An Article 101 TFEU investigation started by the Italian Competition Authority (ICA) against Centrale Italiana (CI) has been closed by a commitment decision (Case I768, Centrale d'aquisto per la grande distribuzione Organizzata). CI was formed by some Italian large supermarket chains that entrusted it with the task to operate as a purchase supercentre, negotiating all the supply contracts on their behalf with the aim to obtain more favourable commercial terms from suppliers.
The ICA believed that the CI activities might restrain competition in the upstream procurement markets, by reducing the capability of weaker suppliers to stay on the market, as well as in the downstream selling markets, by giving the parties incentives to coordinate their commercial policies. Collusion among the parties was also facilitated by the exchange of sensitive commercial information through the CI and by some bilateral cooperation agreements concluded by the parties.
To resolve the above competition problems, all the investigated supermarket chains agreed to wind up CI by 31 December 2014. In addition, Despar and Gartico agreed to terminate the cooperation agreements with the other members of CI, while Coop Italia, Discoverde and Sigma committed to terminate all their cooperation agreements, with the exception of those for the negotiation of purchases from suppliers with a turnaround in excess of € 2 million.
The ICA approved the commitments. It pointing out that by the winding up of CI might remove the likelihood of a collusion among the parties. The termination of the cooperation agreement between Despar and Gartico might have a positive effects on competition, since they had together the highest most share of the relevant selling markets.

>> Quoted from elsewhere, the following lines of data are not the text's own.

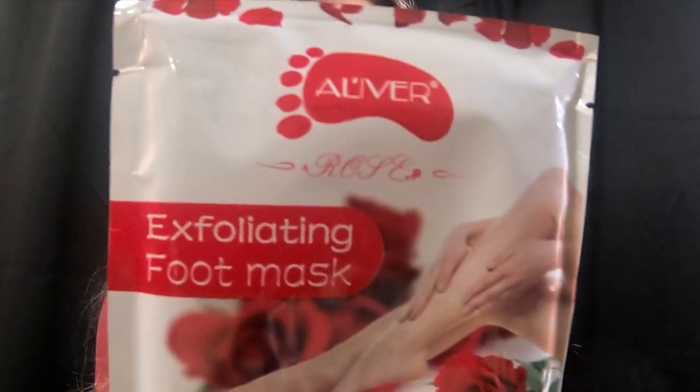I got these exfoliating foot masks — this is the rose set. Every few months I'll do these. You just put them on your feet, they're like little booties, and you wear them for 50 to 90 minutes. Then a few days to a week later, your foot will start to peel and get rid of all the dead skin.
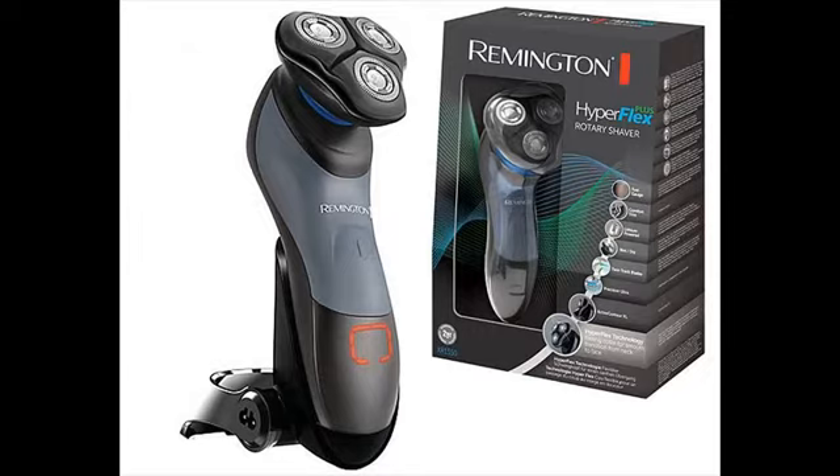Remington electric shavers are cheap, yet they are certainly not cheap in terms of quality and performance. Remington has been manufacturing electric shavers for more than 75 years, and there are hundreds of thousands of men who are absolutely happy with Remington shavers.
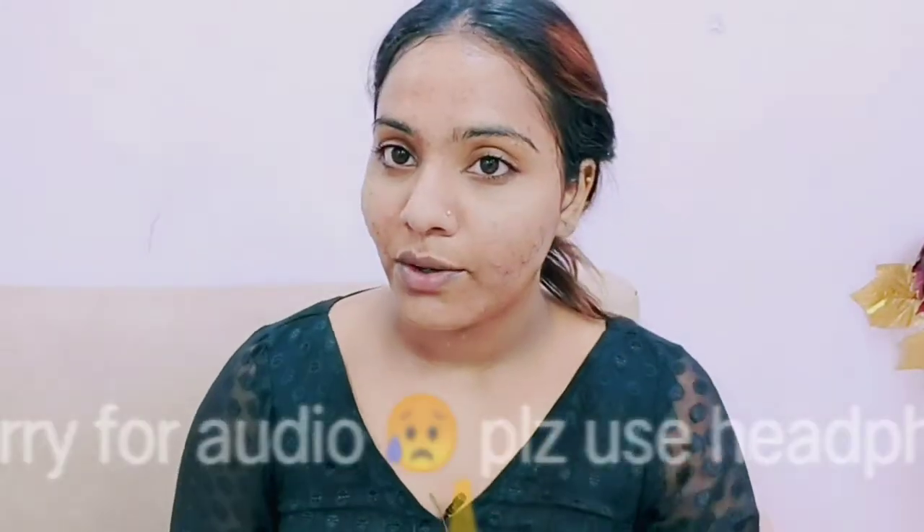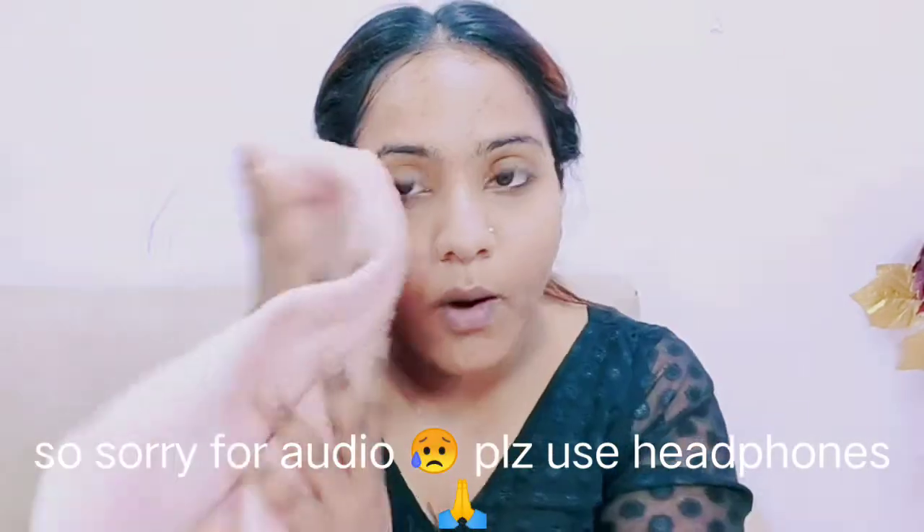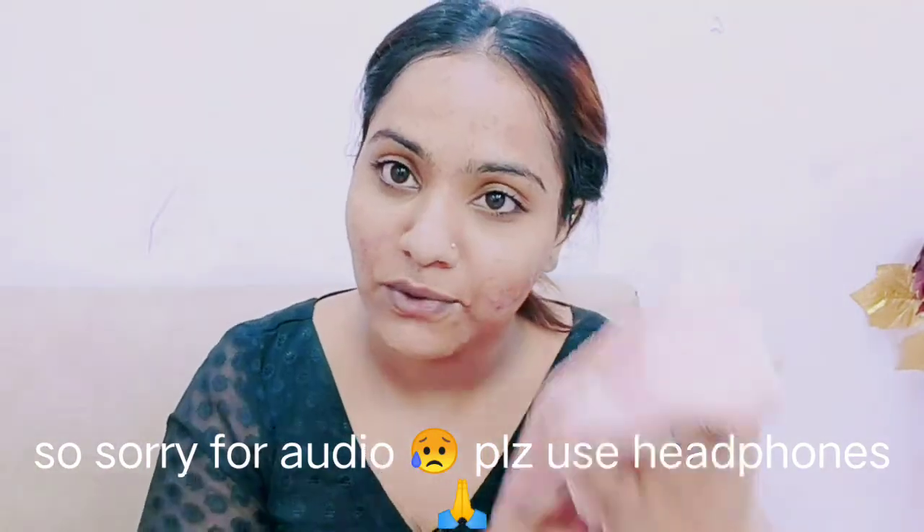Makeup remove karna mujhe bahut zyada achha lagta hai - bilkul relaxing and meditation kind of hota hai, because removing makeup is another thing.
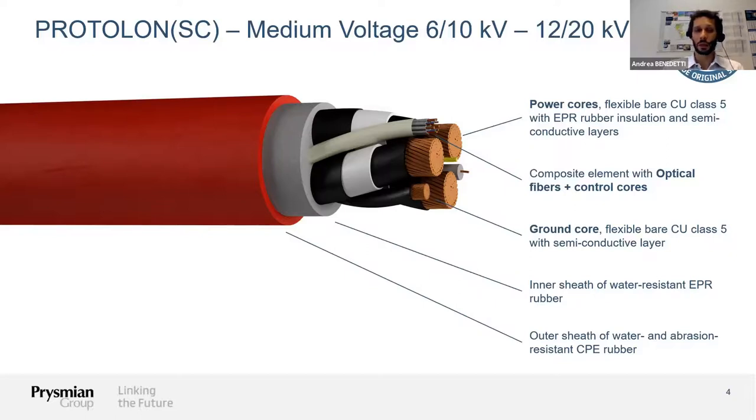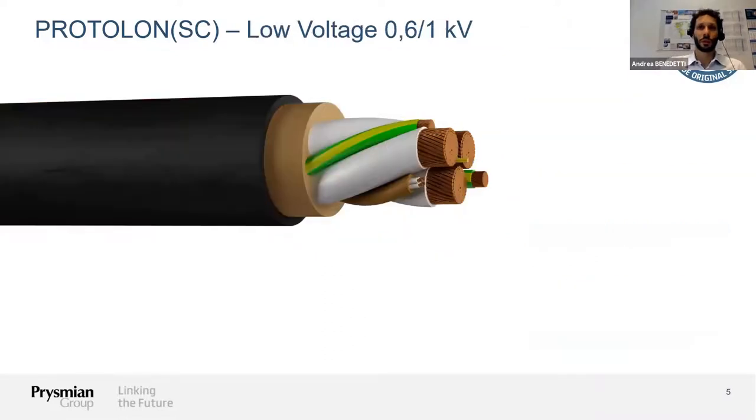We need a tough outer sheath that will protect the cable from damage through dragging and reeling on the reeling system. This is the typical design of a medium voltage cable. We also have this design in a low voltage configuration.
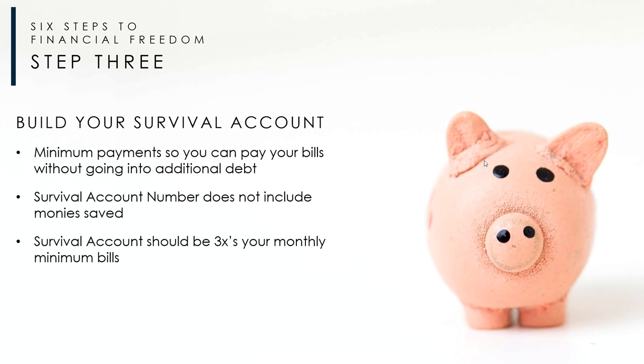Step number three is building that survival account — getting your money into that money market float account. That's separate from and on top of whatever money you've saved. We want to put a little piece in there consistently to build up to that three-times survival number. And again, it starts with tracking your numbers.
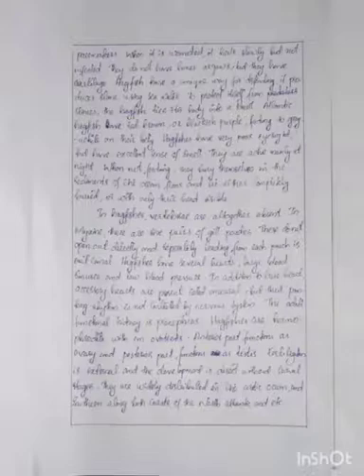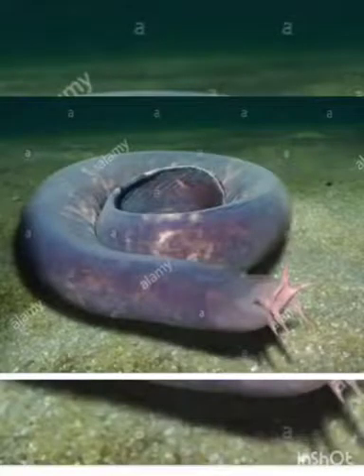The adult functional kidney is pronephros. Hagfishes are hermaphrodites with an ovotestis; the anterior part functions as an ovary and the posterior part functions as a testis. Fertilization is external and development is direct without larval stages. They are widely distributed in the Arctic Ocean and southward along both coasts of the North Atlantic.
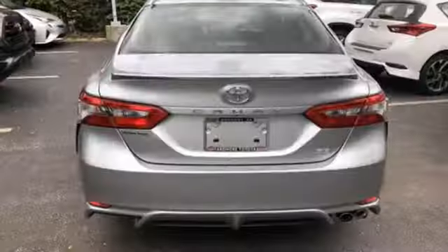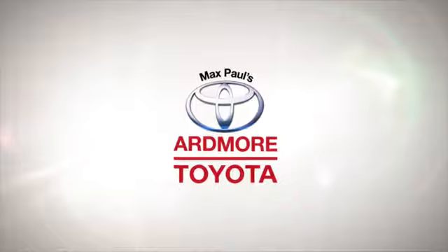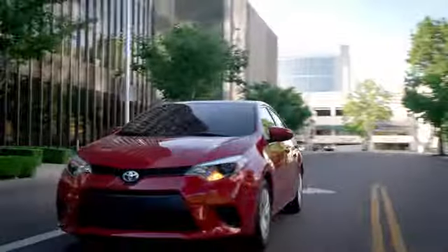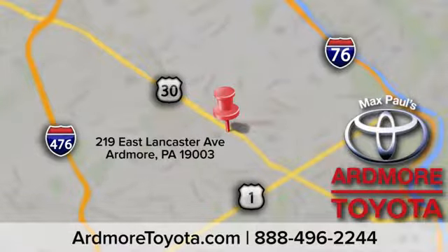Satisfy your brain and indulge your spirit. Test drive this Camry today. Come visit us at Ardmore Toyota — we look forward to seeing you at 219 East Lancaster Avenue in Ardmore.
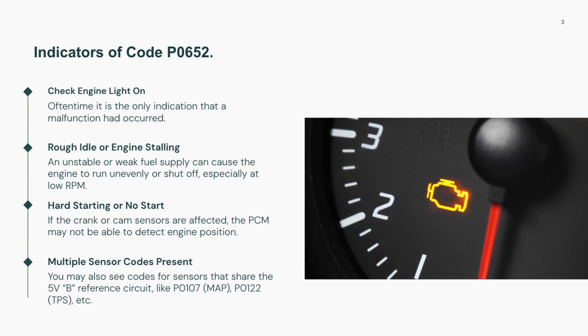When this code is active, the vehicle may run poorly or even fail to start. You might experience hesitation, poor throttle response, or the engine stalling.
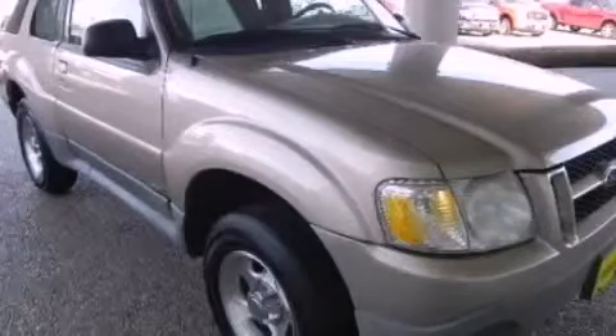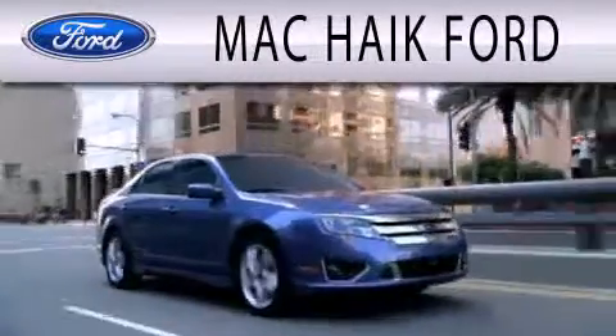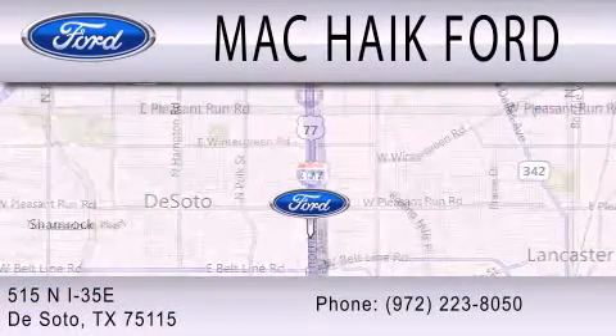Contact us today to arrange your test drive. Mack Hike Ford is dedicated to doing everything possible to ensure that the experience you have selecting your next vehicle is as pleasant as possible. We are located at 515 North Interstate 35 East in DeSoto.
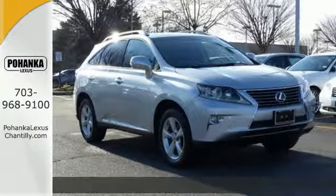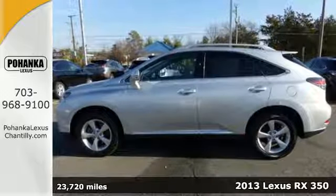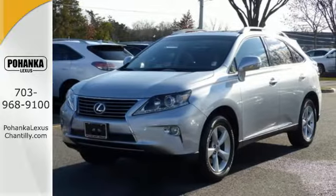It's a 2013 Lexus RX 350. Luxury and utility come together in this ultra functional Lexus. Your passengers will have plenty of room in its spacious cabin.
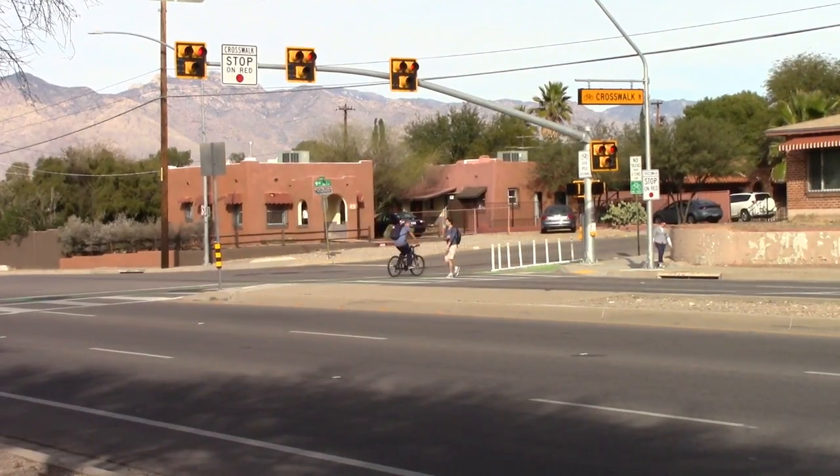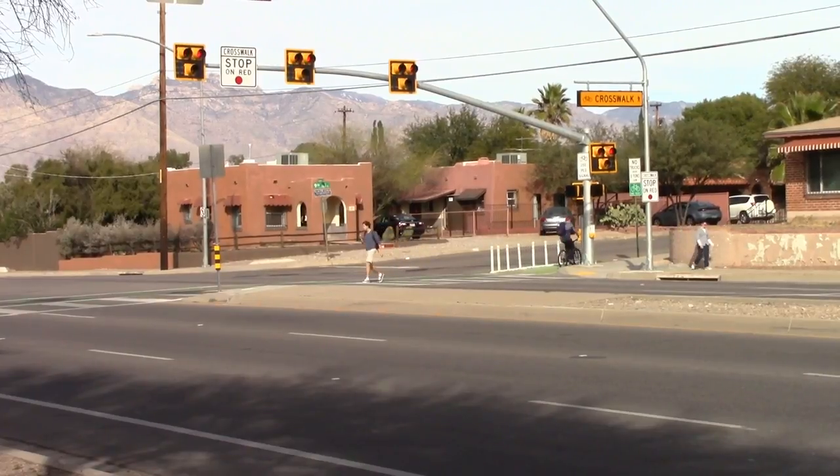Once you come up to a HAWK light, you can see that HAWK light from any feet away. Whether it's activated or not, you see that there's a possibility that somebody's going to cross there. Just because they push the button doesn't mean they're going to be crossing right then. They've got to wait for traffic to stop, and it gives them an idea if traffic is going to stop for them, and it gives them a safe route across.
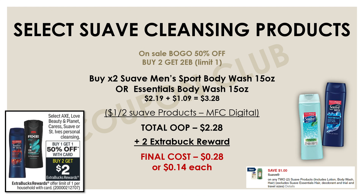Now let's move into select Suave cleansing products. This week select Axe, Love Beauty and Planet, Caress, Suave, or St. Ives personal cleansing products are on sale buy one get one 50% off, and buy two and get a two-dollar Extra Buck. The cheapest Suave products in this deal are the Suave Men's Sport body wash and Suave Essentials body wash, both 15-ounce sizes at $2.19 each. With BOGO 50%, we can get both for $3.28. On Sunday we got a new digital coupon for a dollar off two Suave products, bringing our total out-of-pocket down to $2.28. We get back a two-dollar Extra Buck, making the final cost for both body washes just 28 cents, or 14 cents each.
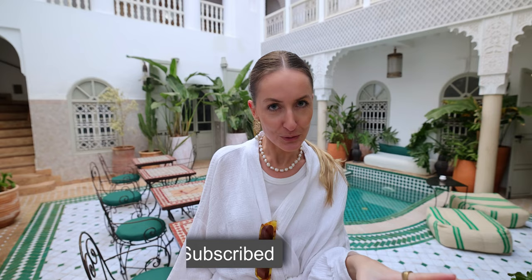Hey guys, welcome to our Laura and Nicholas videos. We made it to Marrakesh and today we will show you a property that's a little bit different than what we usually show you. We found this hidden gem, this hidden riad in the center of the medina, and you can already book this place for as low as 50 euros a night, so we just had to show you this incredible gem.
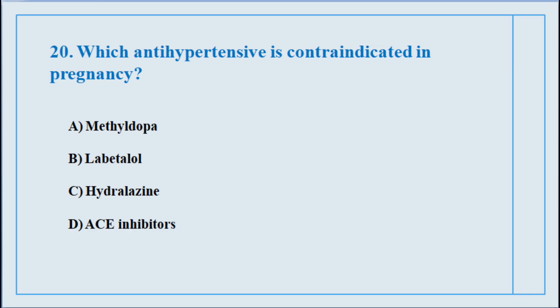Question number twenty. Which antihypertensive is contraindicated in pregnancy? The correct answer is option number D: ACE inhibitors.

Therefore, the ICA made the commitments binding and closed the procedure. It may be said that the parties might have seen in the commitments procedure the best option to avoid a possible infringement decision, even if they gave the ICA quite far-reaching undertakings. On the contrary, they did not play the card of the efficiency defence under Article 101(3) TFEU, which was a much more risky solution, considering that the ICA anticipated that meeting the condition of passing a fair share of efficiencies to consumers was unlikely in this case due to the high market shares of the parties.